Segment Open
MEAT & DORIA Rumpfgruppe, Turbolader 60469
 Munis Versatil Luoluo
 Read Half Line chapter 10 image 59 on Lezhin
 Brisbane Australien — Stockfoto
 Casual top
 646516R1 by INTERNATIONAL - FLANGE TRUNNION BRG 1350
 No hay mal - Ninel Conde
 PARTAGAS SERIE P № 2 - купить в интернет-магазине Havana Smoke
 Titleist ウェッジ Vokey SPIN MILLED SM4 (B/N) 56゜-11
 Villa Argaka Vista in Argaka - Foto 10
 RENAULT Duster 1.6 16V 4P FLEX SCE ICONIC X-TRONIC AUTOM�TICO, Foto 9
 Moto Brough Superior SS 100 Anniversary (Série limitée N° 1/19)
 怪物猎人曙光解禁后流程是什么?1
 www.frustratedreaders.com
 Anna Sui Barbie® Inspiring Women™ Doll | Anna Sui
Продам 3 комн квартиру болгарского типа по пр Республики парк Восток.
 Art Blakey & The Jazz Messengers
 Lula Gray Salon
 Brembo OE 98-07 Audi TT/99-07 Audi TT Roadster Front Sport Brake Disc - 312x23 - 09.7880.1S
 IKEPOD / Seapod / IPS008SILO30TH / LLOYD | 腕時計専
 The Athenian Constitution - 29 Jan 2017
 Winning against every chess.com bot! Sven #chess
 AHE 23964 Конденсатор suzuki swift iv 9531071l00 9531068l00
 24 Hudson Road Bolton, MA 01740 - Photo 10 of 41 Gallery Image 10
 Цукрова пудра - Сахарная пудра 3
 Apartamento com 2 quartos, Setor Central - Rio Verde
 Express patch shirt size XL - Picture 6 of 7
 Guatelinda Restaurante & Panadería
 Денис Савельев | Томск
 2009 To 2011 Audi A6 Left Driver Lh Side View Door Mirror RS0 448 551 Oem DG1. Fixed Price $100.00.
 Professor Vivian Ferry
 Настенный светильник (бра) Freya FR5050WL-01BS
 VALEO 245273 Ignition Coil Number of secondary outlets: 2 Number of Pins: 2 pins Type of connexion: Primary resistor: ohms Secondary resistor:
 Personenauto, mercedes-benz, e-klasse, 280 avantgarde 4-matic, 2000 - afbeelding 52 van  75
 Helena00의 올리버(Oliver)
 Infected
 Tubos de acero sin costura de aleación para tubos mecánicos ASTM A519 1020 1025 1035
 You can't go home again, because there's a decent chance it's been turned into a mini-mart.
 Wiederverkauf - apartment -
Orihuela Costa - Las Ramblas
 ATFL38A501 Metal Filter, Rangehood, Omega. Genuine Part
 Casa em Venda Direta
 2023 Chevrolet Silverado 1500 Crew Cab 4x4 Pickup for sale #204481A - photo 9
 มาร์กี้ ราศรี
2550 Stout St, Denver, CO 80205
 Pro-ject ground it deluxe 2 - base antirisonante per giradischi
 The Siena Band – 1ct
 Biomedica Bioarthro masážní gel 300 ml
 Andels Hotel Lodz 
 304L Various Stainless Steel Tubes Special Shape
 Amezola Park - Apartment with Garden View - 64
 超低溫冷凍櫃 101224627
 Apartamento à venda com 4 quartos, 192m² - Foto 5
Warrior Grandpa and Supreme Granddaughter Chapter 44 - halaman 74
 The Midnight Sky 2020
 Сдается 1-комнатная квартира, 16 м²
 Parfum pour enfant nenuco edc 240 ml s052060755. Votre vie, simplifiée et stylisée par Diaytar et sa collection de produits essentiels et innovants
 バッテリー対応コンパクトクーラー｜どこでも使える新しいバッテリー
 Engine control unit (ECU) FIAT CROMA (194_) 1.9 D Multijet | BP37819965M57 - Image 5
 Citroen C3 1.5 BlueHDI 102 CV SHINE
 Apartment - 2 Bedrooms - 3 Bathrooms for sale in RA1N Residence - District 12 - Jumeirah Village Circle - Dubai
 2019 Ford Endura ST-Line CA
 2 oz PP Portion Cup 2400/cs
Segment Closed
## PROBLEM STATEMENT
Your task is to reproduce the entries exactly, starting at the first line and ending with the line containing "No hay mal - Ninel Conde".

## SOLUTION TO THIS PROBLEM
MEAT & DORIA Rumpfgruppe, Turbolader 60469
 Munis Versatil Luoluo
 Read Half Line chapter 10 image 59 on Lezhin
 Brisbane Australien — Stockfoto
 Casual top
 646516R1 by INTERNATIONAL - FLANGE TRUNNION BRG 1350
 No hay mal - Ninel Conde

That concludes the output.